Consequently, companies shouldn’t be proceeding with these efforts on hopes and trust alone. Robust procedures need to be in place, and workers should be more thoughtful and responsible when exchanging their data, even among well-known colleagues.
Below is a quick guide to help workers share files with their remote teams more effectively.
Compress the files
If remote workers collaborate on large-scale projects, the files they send can be enormous. Soon enough, things can spiral out of control, and file sharing systems can refuse to send out the data on account of its size alone.
Surpassing these limitations can be done online via a quick and easy process. For example, workers can compress their PDFs fast by dragging and dropping their files into a dedicated online tool. The document is then much simpler to store and share, and working with it further can become more straightforward as well. The file size can be reduced with any web browser, including Google Chrome, and the image quality isn’t lost either.
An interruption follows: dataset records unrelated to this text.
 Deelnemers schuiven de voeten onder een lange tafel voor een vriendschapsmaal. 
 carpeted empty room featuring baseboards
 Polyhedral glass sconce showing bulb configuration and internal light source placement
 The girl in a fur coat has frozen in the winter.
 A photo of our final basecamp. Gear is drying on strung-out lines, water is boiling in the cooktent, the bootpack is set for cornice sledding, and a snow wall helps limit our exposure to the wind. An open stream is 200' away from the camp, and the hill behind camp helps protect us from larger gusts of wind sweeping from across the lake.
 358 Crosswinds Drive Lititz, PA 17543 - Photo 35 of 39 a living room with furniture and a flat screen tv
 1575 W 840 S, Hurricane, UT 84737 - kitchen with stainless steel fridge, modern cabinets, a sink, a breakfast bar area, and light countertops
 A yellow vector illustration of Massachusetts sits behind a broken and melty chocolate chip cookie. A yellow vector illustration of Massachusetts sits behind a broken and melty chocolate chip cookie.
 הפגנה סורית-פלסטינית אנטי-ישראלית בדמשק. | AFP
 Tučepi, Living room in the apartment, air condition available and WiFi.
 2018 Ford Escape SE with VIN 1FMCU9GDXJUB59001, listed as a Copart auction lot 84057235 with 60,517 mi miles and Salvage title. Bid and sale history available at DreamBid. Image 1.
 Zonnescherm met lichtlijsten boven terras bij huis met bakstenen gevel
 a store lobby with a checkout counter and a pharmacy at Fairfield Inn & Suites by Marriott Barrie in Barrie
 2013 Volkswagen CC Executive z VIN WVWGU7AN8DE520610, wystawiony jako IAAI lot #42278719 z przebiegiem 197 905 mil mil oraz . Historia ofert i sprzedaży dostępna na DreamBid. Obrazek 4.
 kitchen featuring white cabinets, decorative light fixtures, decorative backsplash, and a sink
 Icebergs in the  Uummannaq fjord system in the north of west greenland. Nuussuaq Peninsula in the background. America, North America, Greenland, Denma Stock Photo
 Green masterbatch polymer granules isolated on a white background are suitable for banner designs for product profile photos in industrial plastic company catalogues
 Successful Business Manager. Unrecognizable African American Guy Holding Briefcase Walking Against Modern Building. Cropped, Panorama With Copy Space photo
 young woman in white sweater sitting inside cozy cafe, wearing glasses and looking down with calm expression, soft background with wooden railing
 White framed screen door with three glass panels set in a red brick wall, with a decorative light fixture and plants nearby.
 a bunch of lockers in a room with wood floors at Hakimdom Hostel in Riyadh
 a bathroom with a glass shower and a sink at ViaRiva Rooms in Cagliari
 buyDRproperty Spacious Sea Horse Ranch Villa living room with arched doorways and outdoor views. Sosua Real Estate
Having these solutions to hand can bring peace of mind to remote teams. Compressed files also use less storage space on hard drives and take less time to send to others. Their use can also encourage goodwill amongst them, as they will take the time to make one another’s working lives a little bit easier. It’s being considerate, as well as efficient with file-sharing.
Utilise a single file-sharing platform
Business and team leaders should collate all of their files from every database and hard drive at their disposal and deposit them. That way, the logistics of this undertaking become much more manageable.
Colleagues will be able to help new starters get up to speed as processes become consistent and familiarity is built quickly. Using a single platform can also enhance communication, as every worker will know where to find each other’s work. Should an employee make a mistake, it can also be quickly rectified by a colleague.
Using a single platform can also assist in improving an individual’s work life balance. After all, remote teams may feel tempted to have their personal and professional information sitting alongside one another in digital spaces like My Documents. Such practices can be quite sloppy and lead to confusion, errors, and other stressful circumstances, so it’s best to have firm distinctions over where work information belongs.
Sort names and permissions
Shared team folders can quickly become messy if there aren’t any standards being set. Consequently, business leaders need to have acute control over these digital areas.
Developing folder permissions should be a straightforward process. Not everybody needs access to every department’s data. Tech administration staff can quickly assign permissions to relevant workers. It can help regular employees too, as they can access the files that they need immediately without continuously taking wrong turns.
It may also be helpful for remote workers to survey their team to see how they proceed when sharing their files. Do they create separate folders for any projects they are developing? How do they decide what to name folders and files? Are coworkers unnecessarily saving multiple versions of files? Teams need to be on the same wavelength without breakaway colleagues disrupting the status quo, so feedback could be crucial in eliminating chances of confusion.
Upscale employee training
It is not enough for one or two workers to be diligent with competent file-sharing practices. One weak link in the company can compromise security and lead to enormous data leaks.
Many entities out there are bent on stealing data, and organisations have enough to contend with in dealing with things like ransomware attacks. To suffer data breaches from internal oversights and mistakes can be enormously crippling.
Therefore, workers need to be equally trained in file-sharing best practices. They should be able to be taught how to use the most optimum file-sharing platforms available and have a holistic overview of the different data types they’re charged with securing and organising.
Additional encouragement may be required too. Though workers are trained to use file-sharing platforms, they may not always gravitate toward it naturally if they’re used to doing things another way. Regular reminders should be served, alongside new training opportunities should new systems and file handing practices be implemented.
Sharing files with workers doesn’t need to be a convoluted process. If firms adopt the right measures, numerous aspects of one’s professional life can be improved; heightened teamwork, work-life balances, communication, and even career enrichment through training. File-sharing in a remote working arrangement makes all of this possible, and companies should make the most of such circumstances wherever possible.